It’s like this.
When you’re going to have a baby, it’s like planning a fabulous vacation – to Italy. You buy a bunch of guidebooks and make wonderful plans. The Coliseum. Michelangelo David. The Gondolas in Venice. You may learn some handy phrases in Italian. It’s all very exciting.
After months of eager anticipation, the day finally arrives. You pack your bags and off you go. Several hours later, the plane lands. The stewardess comes in and says, “Welcome to Holland.”
“Holland?!?” you say. “What do you mean, Holland?? I signed up for Italy! I’m supposed to be in Italy. All my life I’ve dreamed of going to Italy.”
But there’s been a change in the flight plan. They’ve landed in Holland and there you must stay. The important thing is they haven’t taken you to a horrible, disgusting, filthy place, full of pestilence, famine and disease. It’s just a different place.

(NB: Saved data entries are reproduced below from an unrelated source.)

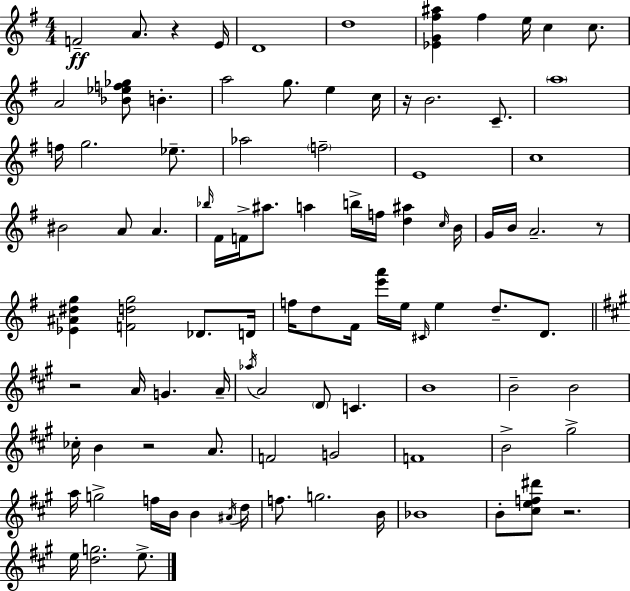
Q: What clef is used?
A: treble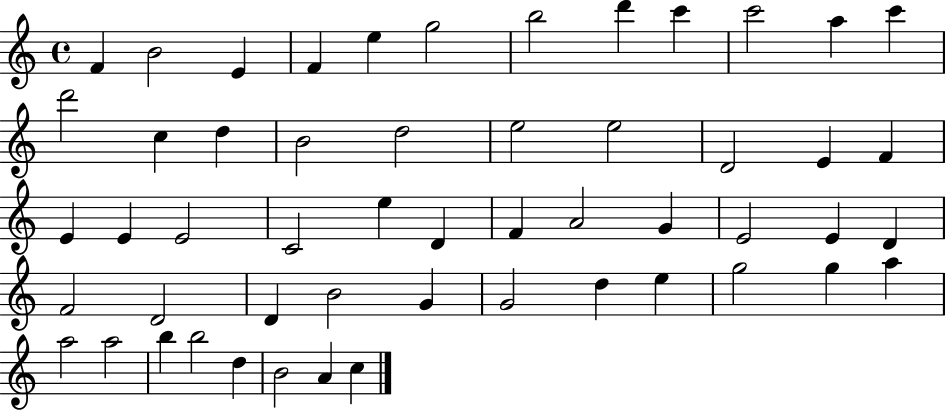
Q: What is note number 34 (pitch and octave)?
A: D4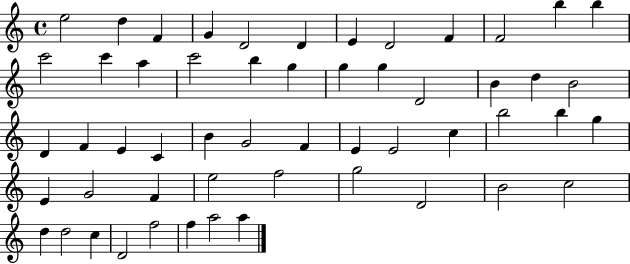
E5/h D5/q F4/q G4/q D4/h D4/q E4/q D4/h F4/q F4/h B5/q B5/q C6/h C6/q A5/q C6/h B5/q G5/q G5/q G5/q D4/h B4/q D5/q B4/h D4/q F4/q E4/q C4/q B4/q G4/h F4/q E4/q E4/h C5/q B5/h B5/q G5/q E4/q G4/h F4/q E5/h F5/h G5/h D4/h B4/h C5/h D5/q D5/h C5/q D4/h F5/h F5/q A5/h A5/q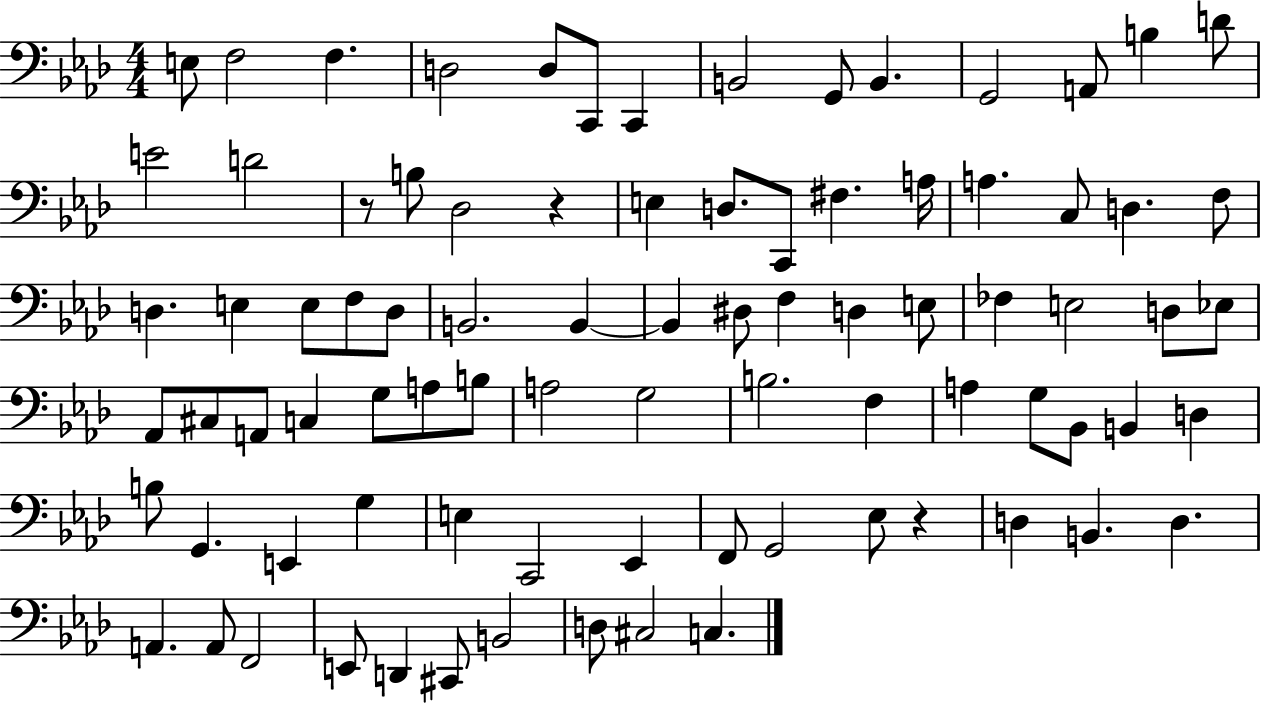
{
  \clef bass
  \numericTimeSignature
  \time 4/4
  \key aes \major
  e8 f2 f4. | d2 d8 c,8 c,4 | b,2 g,8 b,4. | g,2 a,8 b4 d'8 | \break e'2 d'2 | r8 b8 des2 r4 | e4 d8. c,8 fis4. a16 | a4. c8 d4. f8 | \break d4. e4 e8 f8 d8 | b,2. b,4~~ | b,4 dis8 f4 d4 e8 | fes4 e2 d8 ees8 | \break aes,8 cis8 a,8 c4 g8 a8 b8 | a2 g2 | b2. f4 | a4 g8 bes,8 b,4 d4 | \break b8 g,4. e,4 g4 | e4 c,2 ees,4 | f,8 g,2 ees8 r4 | d4 b,4. d4. | \break a,4. a,8 f,2 | e,8 d,4 cis,8 b,2 | d8 cis2 c4. | \bar "|."
}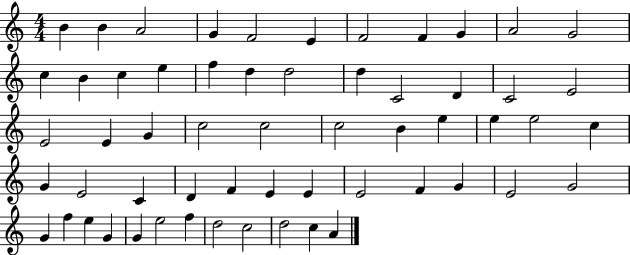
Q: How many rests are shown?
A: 0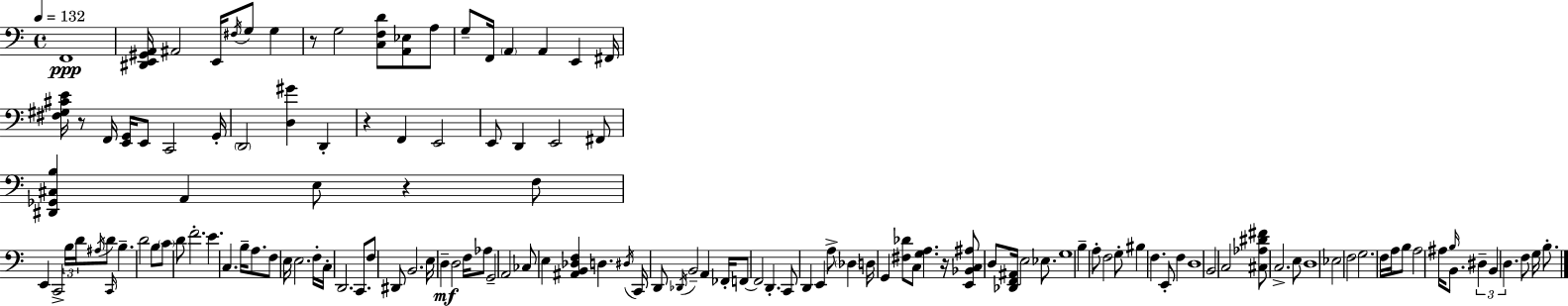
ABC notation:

X:1
T:Untitled
M:4/4
L:1/4
K:C
F,,4 [^D,,E,,^G,,A,,]/4 ^A,,2 E,,/4 ^F,/4 G,/2 G, z/2 G,2 [C,F,D]/2 [A,,_E,]/2 A,/2 G,/2 F,,/4 A,, A,, E,, ^F,,/4 [^F,^G,^CE]/4 z/2 F,,/4 [E,,G,,]/4 E,,/2 C,,2 G,,/4 D,,2 [D,^G] D,, z F,, E,,2 E,,/2 D,, E,,2 ^F,,/2 [^D,,_G,,^C,B,] A,, E,/2 z F,/2 E,, C,,2 B,/4 D/4 ^A,/4 D/2 C,,/4 B, D2 B,/2 C/2 D/2 F2 E C, B,/4 A,/2 F,/2 E,/4 E,2 F,/4 C,/4 D,,2 C,,/2 F,/2 ^D,,/2 B,,2 E,/4 D, D,2 F,/4 _A,/2 G,,2 A,,2 _C,/2 E, [^A,,B,,_D,F,] D, ^D,/4 C,,/4 D,,/2 _D,,/4 B,,2 A,, _F,,/4 F,,/2 F,,2 D,, C,,/2 D,, E,, A,/2 _D, D,/4 G,, [^F,_D]/2 C,/2 [G,A,] z/4 [E,,_B,,C,^A,]/2 D,/2 [_D,,F,,^A,,]/4 E,2 _E,/2 G,4 B, A,/2 F,2 G,/2 ^B, F, E,,/2 F, D,4 B,,2 C,2 [^C,_A,^D^F]/2 C,2 E,/2 D,4 _E,2 F,2 G,2 F,/4 A,/4 B,/2 A,2 ^A,/4 B,/4 B,,/2 ^D, B,, D, F,/2 G,/4 B,/2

So you must go out and buy new guide books. And you must learn a whole new language. And you will meet a whole new group of people you would never have met. It’s just a different place. It’s slower paced than Italy, less flashy than Italy. But after you’ve been there for a while and you catch your breath, you
look around. And you begin to notice that Holland has windmills. And Holland has tulips. Holland even has Rembrandts.
But everyone you know is busy coming and going from Italy. And they’re all bragging about what a wonderful time they had there.
And for the rest of your life, you will say, “Yes, that’s where I was supposed to go. That’s what I had planned.”
And the pain will never, ever go away. Because the loss of that dream is a very, very significant loss. But if you spend your life mourning the fact that you didn’t get to go to Italy, you may never be free to enjoy the very special, the very lovely things. About Holland.
Wow! After all I got a blog from where I be able to in fact
get valuable facts concerning my study and knowledge.